TASK TO COMPLETE =>
Repeat the records exactly as given. Do not include the pictures.

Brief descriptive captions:

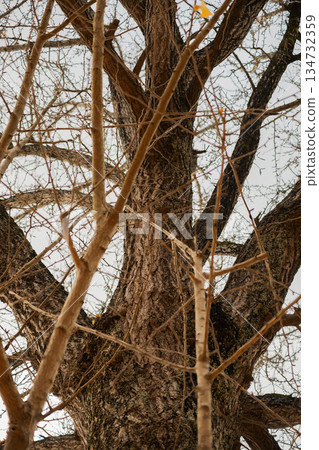 樹皮紋理粗獷，冬季枝條交錯繁複。 134732359
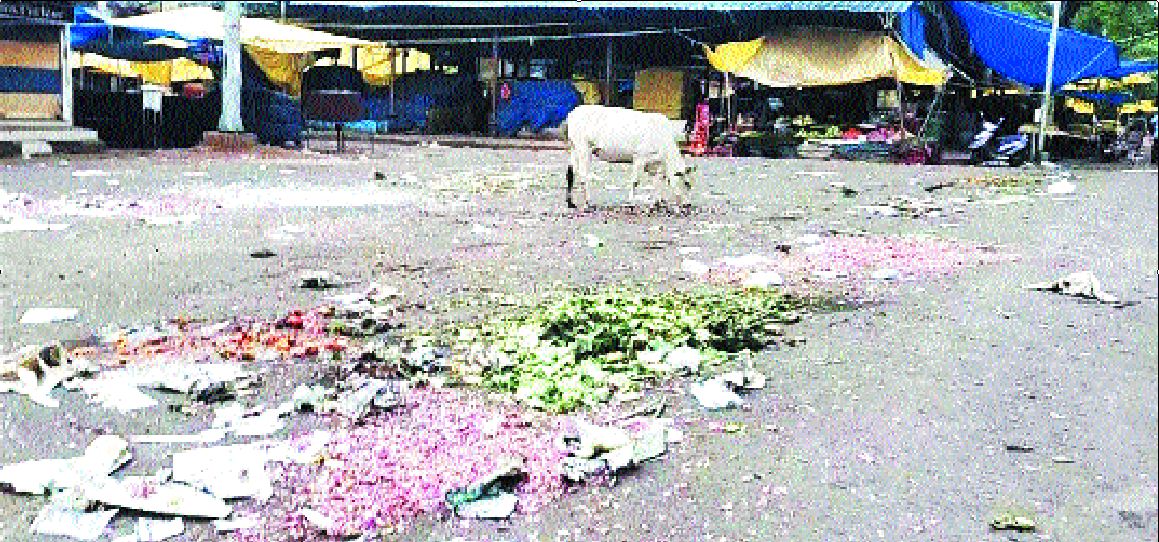 साप्ताहिक बाजार में फैल रहा कचरा, मवेशी खा रहे सड़ी सब्जियां व पॉलीथिन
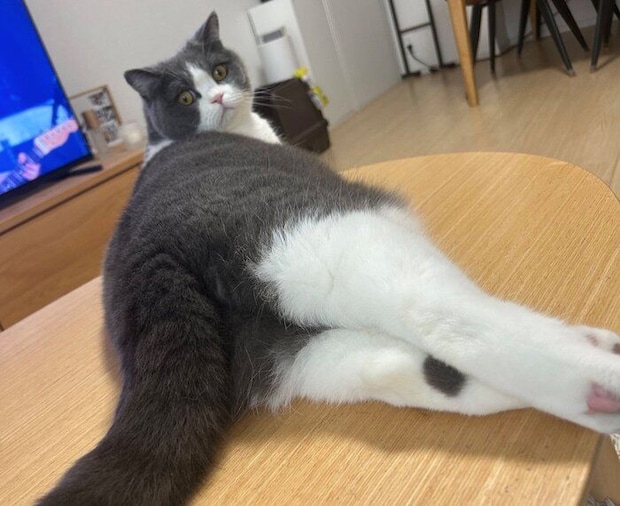 くつろぐもずくくん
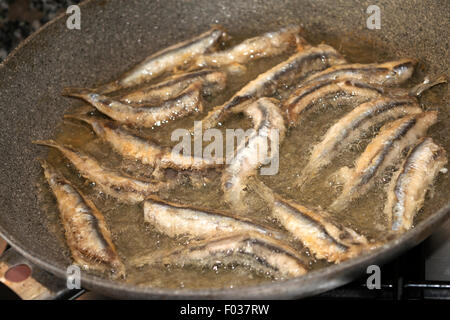 Filet d'anchois au cours de la RFY dans une casserole Banque D'Images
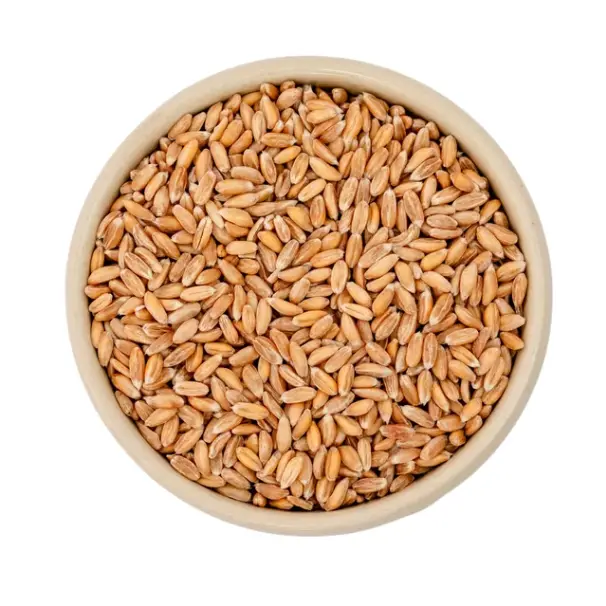 Granos de espelta / orgánico / 1Kg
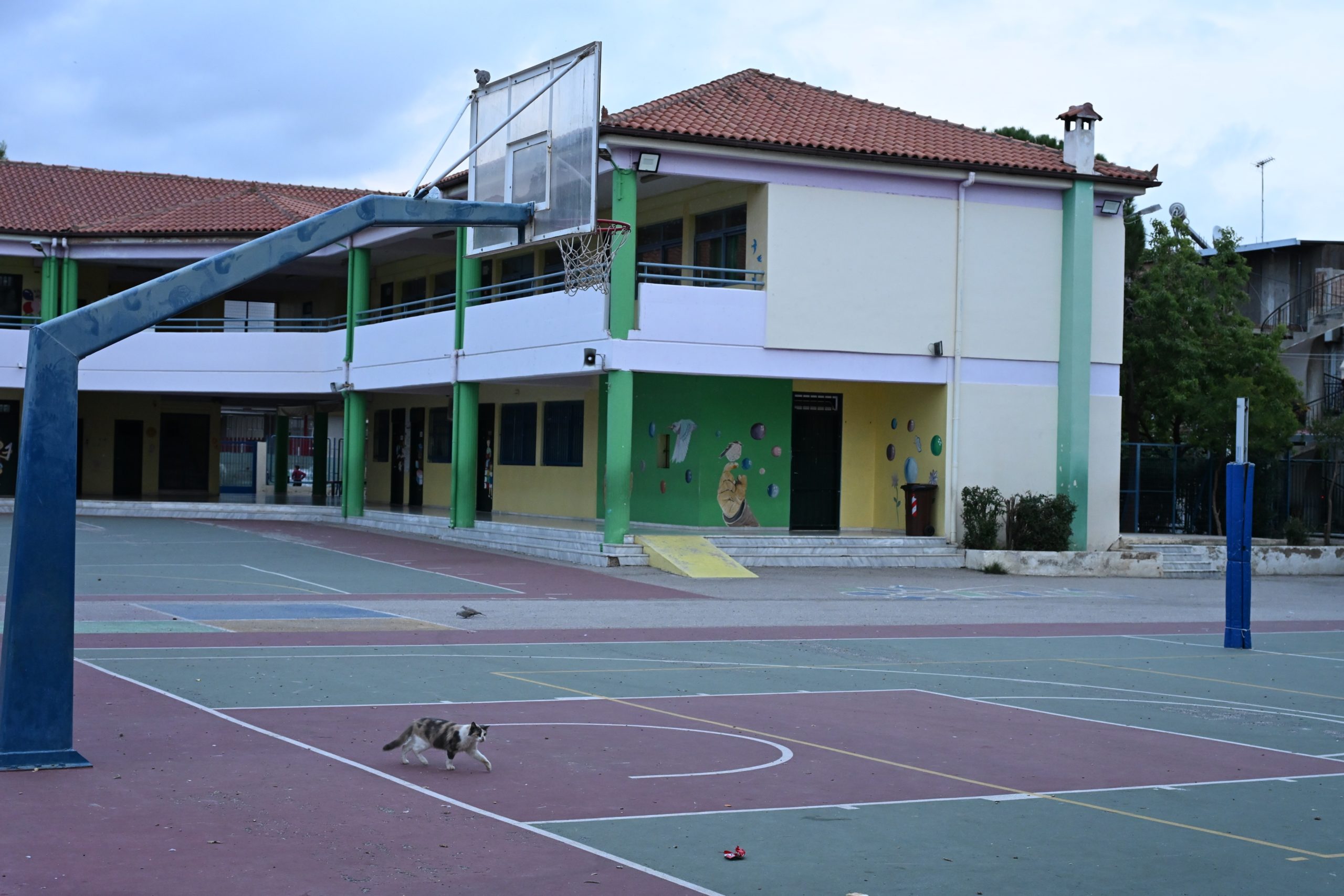 Ασπρόπυργος, 10χρονη, κατάρρευση, σχολείο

RESPONSE AREA =>
 樹皮紋理粗獷，冬季枝條交錯繁複。 134732359
 साप्ताहिक बाजार में फैल रहा कचरा, मवेशी खा रहे सड़ी सब्जियां व पॉलीथिन
 くつろぐもずくくん
 Filet d'anchois au cours de la RFY dans une casserole Banque D'Images
 Granos de espelta / orgánico / 1Kg
 Ασπρόπυργος, 10χρονη, κατάρρευση, σχολείο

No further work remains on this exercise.